Good review. I saw those things at work recently and became curious about them. Damn these things for being so personal. It's not exactly like you can have a bunch of people passing around earbuds to see what they like better. The only benchmark I have is the Shure E2. They have what i'd call natural sound. Not very forward in the mid and highs, but quite detailed. They get me sort of hung up between what I want to hear and what I get to hear. Sometimes they suprise me, other times not. That may just be me intermittently losing the seal or me trying to rewrite the music in my head. For context I've only used them with computers and my shuffle, never a dedicated amp. I think my next pair of earbuds will be Ultimate Ears.


----------



## Silvercans (Aug 9, 2005)

Thanks for the kind words.

I also tried a pair of UE Super.Fi 5 Pros and honestly I couldn't stand them. What I don't get is how everyone under the sun rants and raves about them. To me they had exaggerated upper mids, little high freq response, and bloated bass. On par really with the Bose, but for $99, your better off with the Bose, even though I really recommend neither.

So far the best IEM's I tried were the Altec Lansing IM716 (much like the Etymotic ER-4S from what I have read). The only problem with them was that the bass was thin, but talk about being detailed yet not harsh, they definitely nice.

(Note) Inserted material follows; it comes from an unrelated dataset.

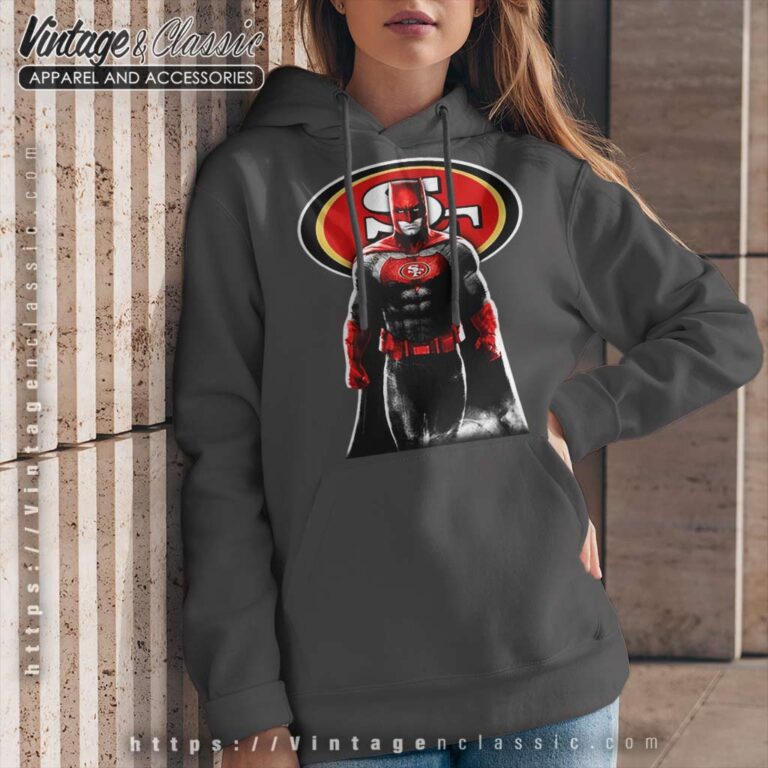 San Francisco 49ers Batman Hoodie San Francisco 49ers Batman Hoodie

At this point I really don't know what to get. I don't want to spend $400 (  ), but I'm actually considering going with the Shure E500


----------



## The Blue Blur (Sep 14, 2006)

wow. So that's all psychoacoustics I've been reading about then? I don't remember where but people seemed to think the 5 Pros were great. I have a hang up about dual driver IEMs now. i really want to hear the difference.


----------